Allies could do more in Mideast, NATO chief says after Trump calls on members to step up
NATO Secretary-General Jens Stoltenberg said Thursday the alliance can do more in the Middle East but stopped short of detailing how allies might satisfy President Donald Trump’s demand that they become more involved in the region.
“NATO has the potential to contribute more to regional stability and the fight against international terrorism,” Stoltenberg told reporters at the alliance’s headquarters in Brussels.
A day earlier, Trump called on NATO to get more involved in the Middle East, where tensions have soared after the U.S. killed a top Iranian general last week.
Trump and Stoltenberg spoke by phone Wednesday after the U.S. president, in an address to Americans following Iranian retaliatory strikes for the killing of Maj. Gen. Qassem Soleimani, urged allies to step up.

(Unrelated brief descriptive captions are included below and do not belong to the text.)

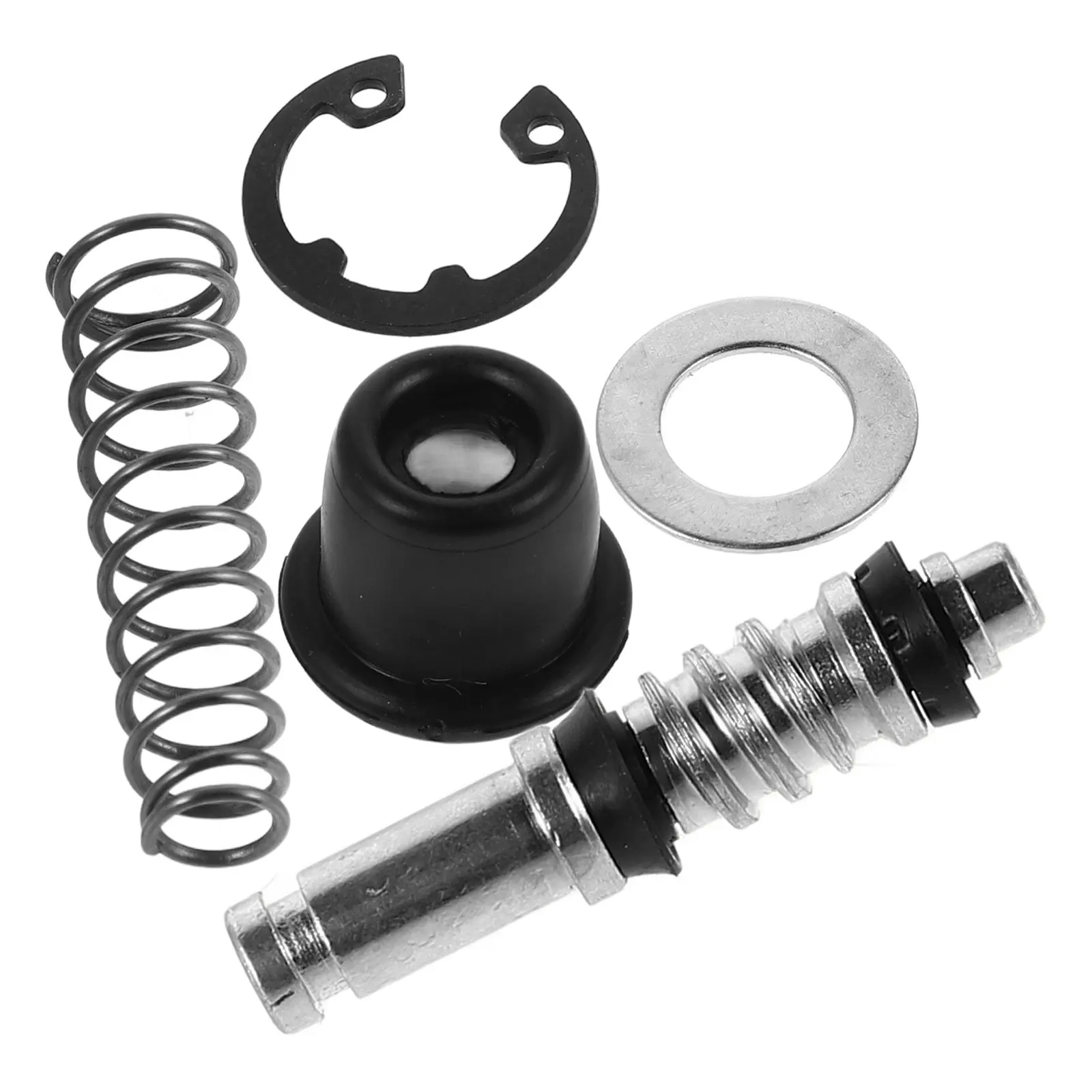 1 Set Brake Pump Oil Seal Repair Kit For Electric Scooters Motorcycles Foot Brake Master Cylinder Mini Bike Dirt Bike Compatible view 2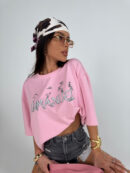Tshirt BURN puder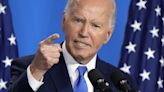 Biden pushes on 'blue wall' sprint with Michigan trip as he continues to make the case for candidacy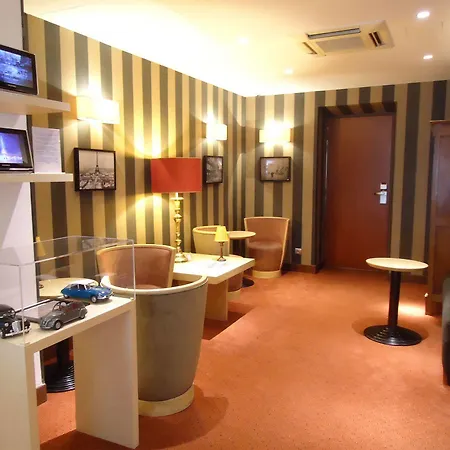 De L'exposition - Tour Eiffel Hotel Parigi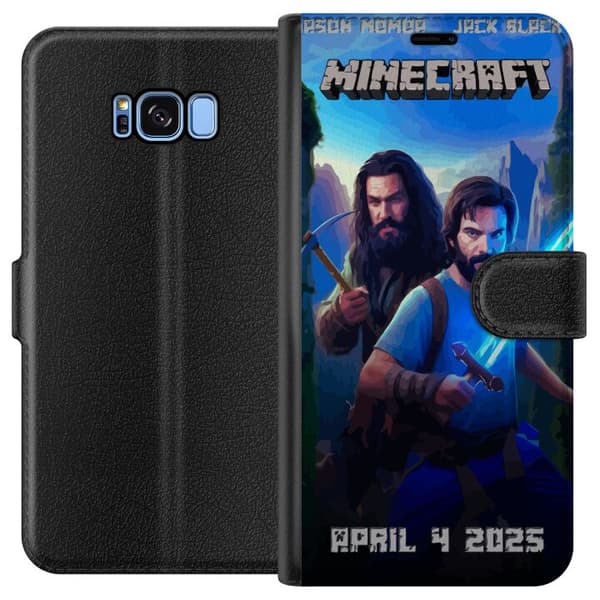 Samsung Galaxy S8 Tegnebogsetui En Minecraft-film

NATO has about 500 troops in a training mission in Iraq, but that effort has been suspended in light of security concerns in the country. The allies have said the mission could resume in the future.
It was not immediately clear what Trump wants from NATO or what more the alliance, already heavily involved in detering Russian aggression in Europe, could do. It was too early to go into specifics, Stoltenberg said.
Trump has made increasing defense spending by NATO allies a top foreign policy priority but he also has called on the organization to focus more on terrorism threats and play a role in countering the Islamic State group.
In 2017 NATO formally joined the U.S.-led coalition to counter ISIS. Stoltenberg said the priority for NATO in general is training local forces to fight against terrorism.
“What president Trump called for yesterday was more NATO involvement and we are looking into what more we can do,” he said. “I will not speculate about the outcome.”